One government body, the Regie du Tabac et des Alumettes, used to raise taxes on 51 consumer items ranging from tobacco to cement to sugar without accounting for how much money was raised, how it was spent or by whom. As part of the reforms, the Regie has been put into Haiti's national budget for the past two years. In addition, many of the taxes it processed have entered the regular Finance Ministry budget.

"You have a genuine government budget here now," a qualified foreign observer said.

The reform campaign received public endorsement from Duvalier, Haiti's president for life, in an August 1981 speech in which he pledged compliance with demands by the International Monetary Fund. It has begun to take effect in recent months as a condition for a $40 million IMF standby credit to meet balance of payments problems.

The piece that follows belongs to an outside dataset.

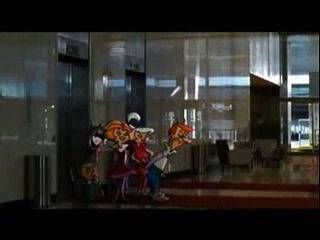 Cartoon network LA movimento cartoon :los supersonicos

Large sums of the $200 million government operating budget--no one is sure how large--still flow into Duvalier's palace budget, however, for expenditure at the president's discretion. Some go to pay squads of security policemen who prevent political dissent. Some go to "supplement" ministers' salaries, restricted to $600 by law. And some go in directions that outsiders cannot follow.

Haitian officials and diplomats indicated in a number of conversations that the reforms depend heavily on Duvalier's continued support. With his absolute power to set the tone here, a slump in his enthusiasm could halt the campaign in its tracks, they said, endangering the IMF payments and putting question marks over aid from other donors.

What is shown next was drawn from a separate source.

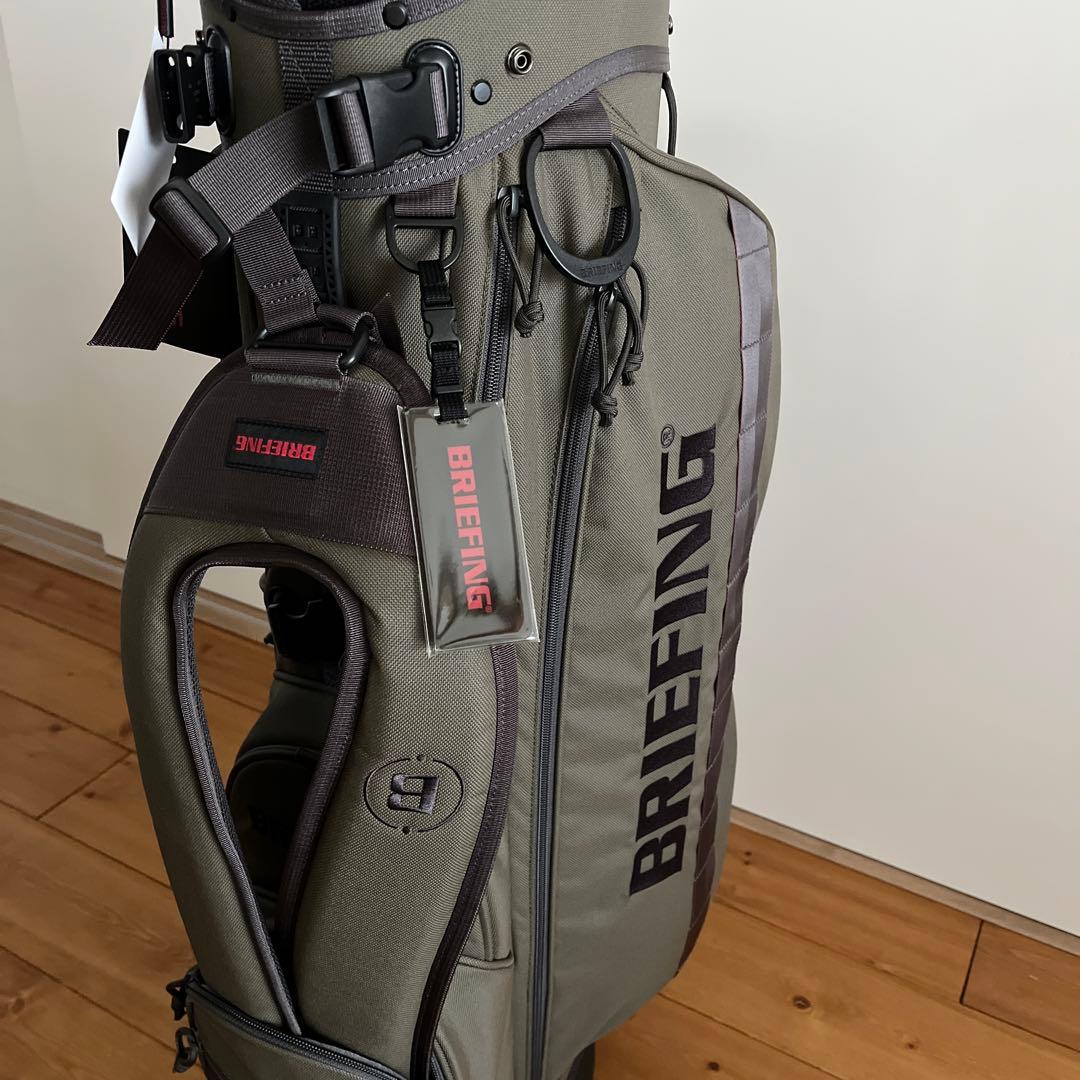 ブリーフィング キャディバックCR-4 #03 TL BRG231D07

In July fears rose that this might happen when Duvalier fired finance minister Marc Bazin after only five months. Bazin, nicknamed "Mr. Clean," had shaken Haiti's business and government elite by loudly proclaiming that he was going to end corruption and force payment of taxes.

Foreign Minister Jean-Robert Estime and Bazin's successor, Finance Minister Frantz Merceron, were dispatched to Washington to reassure IMF and U.S. officials that the reforms were still on. But doubts remained and the House Foreign Affairs Committee proposed that $10 million earmarked for Haiti under President Reagan's Caribbean Basin Initiative be tied to an IMF endorsement that they actually were.

Haitian and diplomatic sources here say now that Bazin's removal stemmed from Duvalier's irritation at the minister's sudden prominence and at growing talk about his potential for leadership.

"There were some people around town who were really talking about it," said a well-connected diplomat.

Haitian officials and some foreign diplomats said Duvalier also had been particularly worried about the U.S. Embassy's open endorsement of Bazin and his go-go style, more in line with his former World Bank job than with traditional Haitian ways. Since the president fired Bazin and gave a speech about government harmony, a high government official said with a smile, U.S. Ambassador Ernest Preeg has been more discreet in pushing for reforms.

Merceron, armed with an open letter from Duvalier backing his persistence, has pushed ahead with Bazin's program, lowering the volume but remaining firm, Haitian and foreign sources report. The IMF has prepared a memorandum praising him and Duvalier for their determination, reliable sources said.

One measure of their work came in a strong protest in October from the Haitian Chamber of Commerce denouncing new tax laws. The legislation is designed to permit the government to determine business income accurately for the first time, recording all transactions in tax records.

"What do we see?" asked Chamber President Louis Desrouleaux in a letter to Merceron. "A real mess of figures for which neither taxpayers nor tax inspectors have the necessary preparation. How many of these people will find their way through the labyrinth of Chapter 6, 7 and 8, including 21 articles that for the most part should be classified as petty irritations?"

The protest went unheeded. The new law went into effect at the beginning of this year, and the first payments came due this month. Stricter enforcement of personal income tax laws and customs regulations also has raised government income, despite a decline in economic activity.